Als Markus älter wurde, brach er nicht aus dieser sumpfigen Atmosphäre aus, er zog sich nur in sich zurück, verbarg sich hinter einer indifferenten Haltung gegenüber dem Außen, die mehr und mehr ihn umschloß, ihn einschloß – selbst in seinen Träumen kannte er sich mit der Zeit kaum mehr anders. Ohne wirklichen Versuch, zu widerstehen, hatte er sich gehenlassen.

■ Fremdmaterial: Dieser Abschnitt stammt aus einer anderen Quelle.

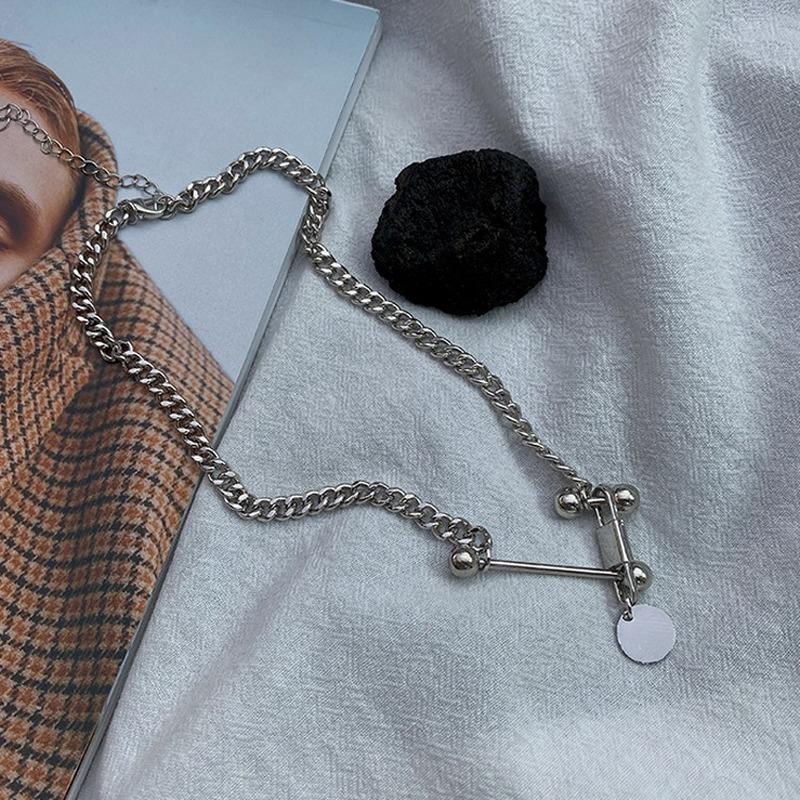 Pendant Necklaces VSnow Minimalist Dumbbells Circle Chokers Necklace Street Style Hollow Chunky Chain Asymmetric For Women Party Jewelry, Silver
Pendant Necklaces VSnow Minimalist Dumbbells Circle Chokers Necklace Street Style Hollow Chunky Chain Asymmetric For Women Party Jewelry, Silver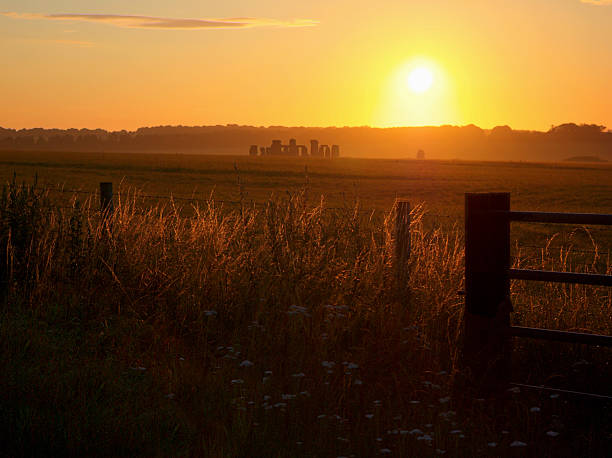 vista del monumento di stonehenge primitivo con estate alba - stonehenge ancient civilization religion archaeology foto e immagini stock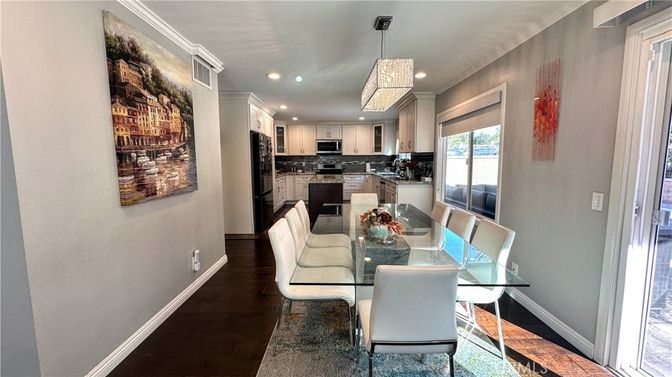 Dining room, Interior, Kitchen, Pendant Lights, Recessed Lighting, Stainless Steel Appliances, Wood Texture Flooring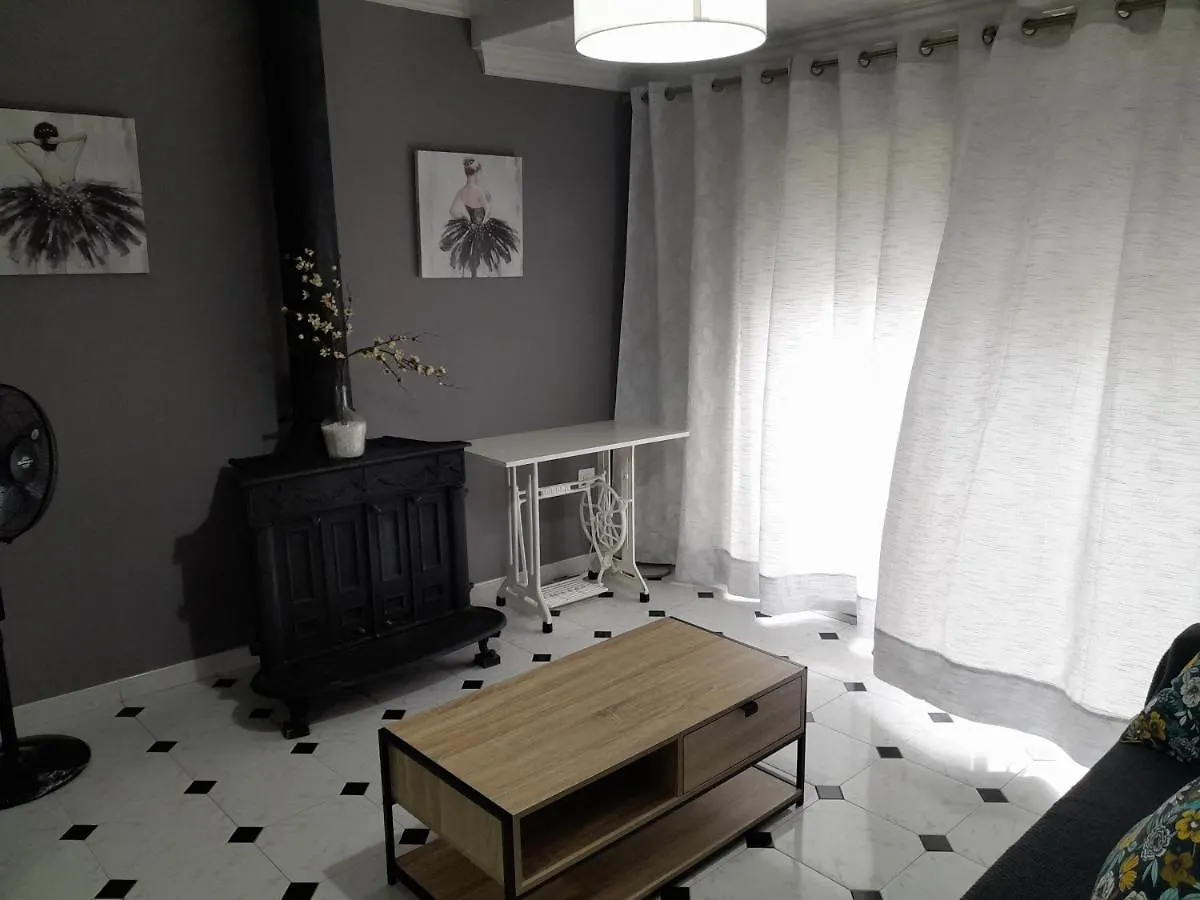بيت للعطل فيلا Casa La Tia Mari. أمبوستا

Wie verbrachte er seine Tage? Natürlich nahm die Schule, wie das so ist, einen guten Teil der Zeit in Anspruch. Ansonsten ging er häufig, oft auch sofort, wenn der Unterricht vorüber war, in die Stadt. Alleine meist, und dort ließ er sich ziellos durch die Straßen treiben. Nicht auf einem genießerischen Bummelgang, auf dem ein jedes, was einem begegnen will, willkommen und bedeutend ist; sondern immer hoffte er, wartete er auf etwas Besonderes, das sich ereignen möge, etwas Aufregendes, das die alltägliche Leier mit Neuem, Unerhörtem übertöne. Was es sein sollte, davon hatte er selber nur ziemlich vage Vorstellungen. Im Grunde glaubte er gar nicht richtig daran, daß etwas passieren könnte. Seine Gedanken folgten immerzu dem gleichen trägen Kreislauf: O wenn doch … o was denn nur? … ach was, was soll denn … – Und so paßte er auch nicht auf, und daher passierte natürlich auch nichts.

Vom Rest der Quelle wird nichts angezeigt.